Sometimes, when eyeing my student loan balance I have been chiseling away at in small ridiculous bits, I wonder if the degree was worth it.  If either grad degree was worth it.  I do feel some of the lesson content I've been writing is served well by my MA degree, but the yeilds of my MFA are a little more slippery.  I absolutely believe I could have written and published (and was doing so) without the degree.  Would I be writing the same poems? In the same style? Would I be as good? Maybe not..but then again, so many poets I know do just fine without advanced degrees.  I also know many really lackluster poets with a train of them.  Many say the time to work uhindered by other things is priceless, though doing it while also working full time cut into that experience and made it more unweildy and harrowing. On the other hand, I got a discount for working on campus, so maybe it was a trade.  The 29 year old me who enrolled wasn't sure what I was looking for.skills? legitimacy? knowledge? She could scarce have told you any more than I can now. I got better by writing more, reading more, of course,  and for that, maybe I owe those few years of study and attention I may have not gotten otherwise. 

Monday, May 23, 2022

notes & things | 5/24/2022

It was a brief weekend in Rockford, where everything is blooming at the prettiest time of the year--green and lush, but not yet weedy and humid.

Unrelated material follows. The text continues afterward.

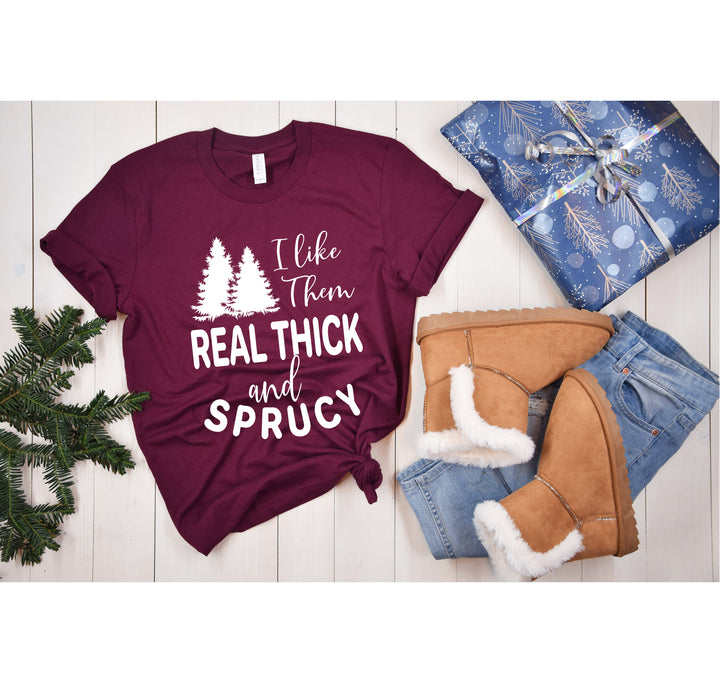 I Like Them Real Thick and Sprucy Shirt | Funny Christmas Tree Tee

It was too chilly to be outside much, so I only saw bits in passing, including my very favorite snowball bushes at the corner of the house (actually two corners, but this one is the largest and most show-offy.)  I landed back in the glittering city tonight to sullen cats and a chilly apartment where I left one of the living room windows open.  The neighborhood is its summer kind of quiet now that the dorms have emptied at the end of the block and the general traffic between them ceased.  There will be much less traffic and students in my own building, and shorter waits for elevators. The lobby, which has been under construction for the past month or so is shaping up nicely. While I thought for sure they'd go sort of basic with white, they painted the walls the most lovely dark olive, which of course, is my favorite color for just about everything of late--dresses, paintings, text colors. 

Tomorrow it is back to writing work and press work and no doubt longer days since I took today off.  I actually don't mind long hours and a lot of work, mostly because it's nice to have those things and be able to set my own pace and not have to leave the house if I don't want to (and I rarely want to, especially as those numbers creep up again..)  The shuttle bus to Rockford was full of travelers, about half with no mask to be seen, so I felt a little vulnerable (I've just been wearing my surgical masks and ran out of KN-95s for the supervirulent months when I was commuting daily.) As I eye my dwindling mask supply, I am aware that each time I've ordered more, I've said to myself, just one more pack and it will be over.  Because some people like to act like it's over, it will probably never actually be, ya know, over. 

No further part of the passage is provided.